Legal. Penn Mutual’s legal staff shall provide PIA with such legal services, advice, consultation and representation as may be requested in respect of regulatory, compliance, transactional, litigation and other matters as required by PIA from time to time.
Data Processing. Penn Mutual shall furnish PIA with data processing services, equipment and facilities required for the operations of PIA and for the management and administration of its business, including, without limitation, the following:
(a) Installation and maintenance of such software, hardware, telecommunications equipment and facilities as PIA may require.
(b) Availability of mainframe capacity for batch and on-line data processing requirements.
(c) Disaster recovery, including archival of programs, data files, records and reports at an off-site facility.
(d) Development and implementation of security measures to ensure that third parties shall not have access to PIA’s data files, records, reports and programs.

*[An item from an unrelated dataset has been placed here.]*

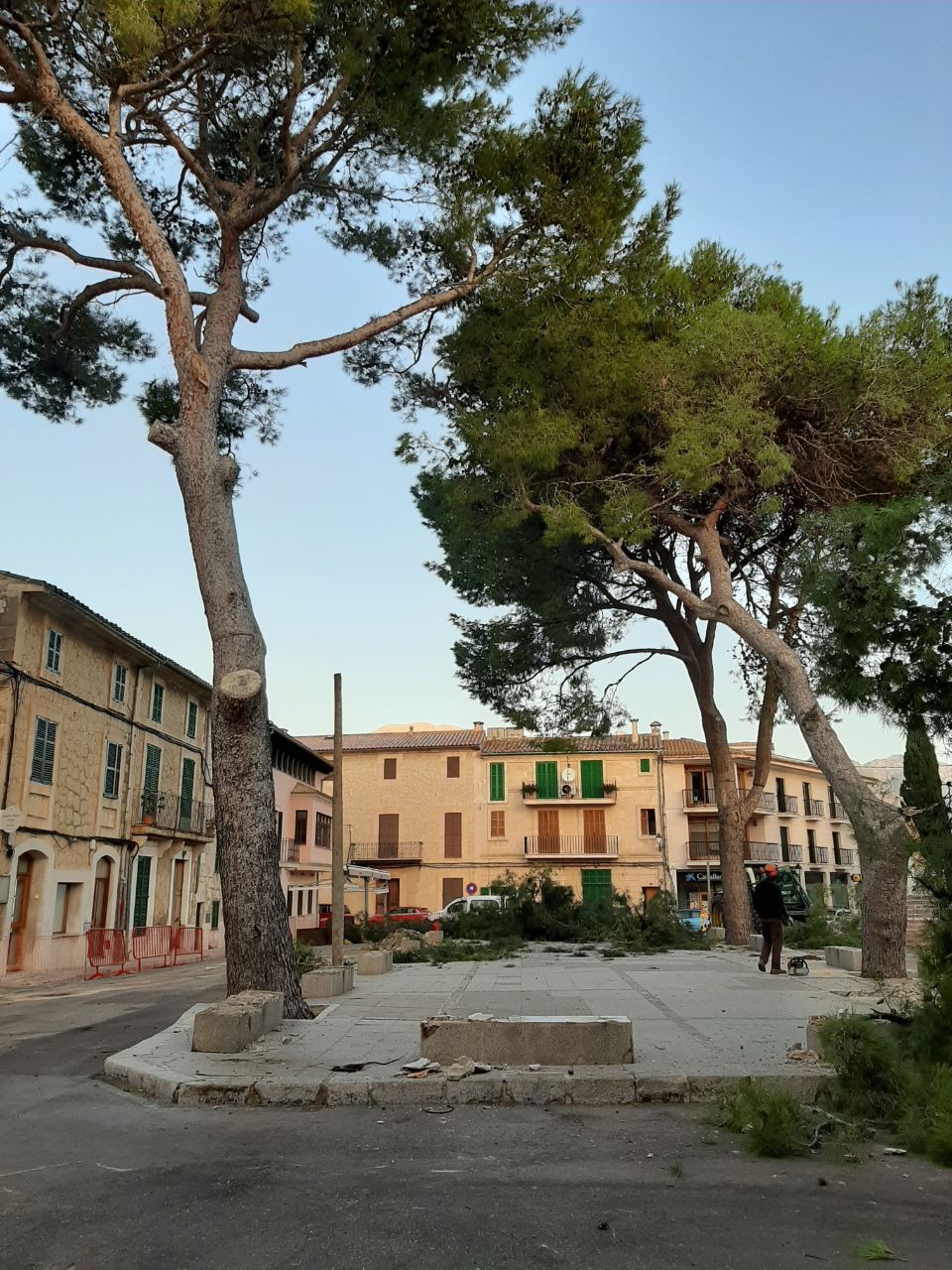 El Ayuntamiento tala todos los pinos de la Plaça de Selva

(e) Such other data processing services, equipment and facilities as may reasonably be required by PIA from time to time.
The PIA acknowledges that all computer programs, tutorials and related documentation made available by Penn Mutual or by Penn Mutual’s third-party suppliers (the “Software”) are and shall remain the exclusive property of Penn Mutual or such third-party supplier, as applicable. Penn Mutual warrants and represents that it is either the legal titleholder or a duly authorized licensee of the Software and that the Software, and the use of the Software in rendering the services hereunder, will not infringe upon or otherwise violate the terms of any validly issued and outstanding patent, copyright or trademark. If necessary for the purposes of this Agreement, Penn Mutual shall grant to PIA (or, if applicable, may arrange with any third-party Software supplier for the granting of) a personal non-exclusive, non-transferable right and license (or sublicense, as applicable) to use the Software for PIA’s internal, end-user purposes during the term of this Agreement.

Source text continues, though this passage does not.